| What needs to be done |
Only the lines below starting at the one that contains "Sometimes you may" and ending at the one that contains "I wanted to" are to be reproduced, exactly and with both ends kept.

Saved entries
···
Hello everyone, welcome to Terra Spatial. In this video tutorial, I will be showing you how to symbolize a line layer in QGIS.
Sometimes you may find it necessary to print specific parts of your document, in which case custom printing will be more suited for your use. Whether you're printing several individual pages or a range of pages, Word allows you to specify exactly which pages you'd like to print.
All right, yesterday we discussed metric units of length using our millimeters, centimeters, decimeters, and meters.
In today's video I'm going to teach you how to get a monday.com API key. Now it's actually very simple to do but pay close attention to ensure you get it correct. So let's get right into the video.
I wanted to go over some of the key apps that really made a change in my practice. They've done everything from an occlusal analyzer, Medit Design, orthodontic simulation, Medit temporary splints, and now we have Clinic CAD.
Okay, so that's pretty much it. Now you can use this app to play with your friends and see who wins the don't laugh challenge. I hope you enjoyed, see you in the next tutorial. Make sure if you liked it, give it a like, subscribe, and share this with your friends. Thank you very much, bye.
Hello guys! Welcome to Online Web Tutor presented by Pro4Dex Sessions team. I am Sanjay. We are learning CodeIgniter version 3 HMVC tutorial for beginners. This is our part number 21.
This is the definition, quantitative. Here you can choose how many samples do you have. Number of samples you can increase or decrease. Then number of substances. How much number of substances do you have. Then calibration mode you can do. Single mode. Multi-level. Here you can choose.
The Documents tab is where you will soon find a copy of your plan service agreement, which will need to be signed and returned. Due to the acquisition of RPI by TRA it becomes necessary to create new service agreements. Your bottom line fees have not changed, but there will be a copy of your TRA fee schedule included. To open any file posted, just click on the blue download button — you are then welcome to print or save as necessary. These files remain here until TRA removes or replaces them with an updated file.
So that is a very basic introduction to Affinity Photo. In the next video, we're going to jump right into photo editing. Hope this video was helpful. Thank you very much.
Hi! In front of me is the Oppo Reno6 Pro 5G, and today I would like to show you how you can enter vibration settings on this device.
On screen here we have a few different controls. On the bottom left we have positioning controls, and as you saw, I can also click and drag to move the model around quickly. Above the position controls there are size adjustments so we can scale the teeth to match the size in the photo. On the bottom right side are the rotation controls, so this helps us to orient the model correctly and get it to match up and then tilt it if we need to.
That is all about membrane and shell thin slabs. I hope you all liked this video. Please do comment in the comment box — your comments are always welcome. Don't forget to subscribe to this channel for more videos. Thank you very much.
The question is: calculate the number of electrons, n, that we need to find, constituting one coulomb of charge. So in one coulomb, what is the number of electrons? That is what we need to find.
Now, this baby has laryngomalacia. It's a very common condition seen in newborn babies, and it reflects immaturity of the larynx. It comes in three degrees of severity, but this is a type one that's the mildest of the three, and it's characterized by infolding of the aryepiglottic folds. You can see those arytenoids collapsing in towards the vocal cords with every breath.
···
| Answer space |
Sometimes you may find it necessary to print specific parts of your document, in which case custom printing will be more suited for your use. Whether you're printing several individual pages or a range of pages, Word allows you to specify exactly which pages you'd like to print.
All right, yesterday we discussed metric units of length using our millimeters, centimeters, decimeters, and meters.
In today's video I'm going to teach you how to get a monday.com API key. Now it's actually very simple to do but pay close attention to ensure you get it correct. So let's get right into the video.
I wanted to go over some of the key apps that really made a change in my practice. They've done everything from an occlusal analyzer, Medit Design, orthodontic simulation, Medit temporary splints, and now we have Clinic CAD.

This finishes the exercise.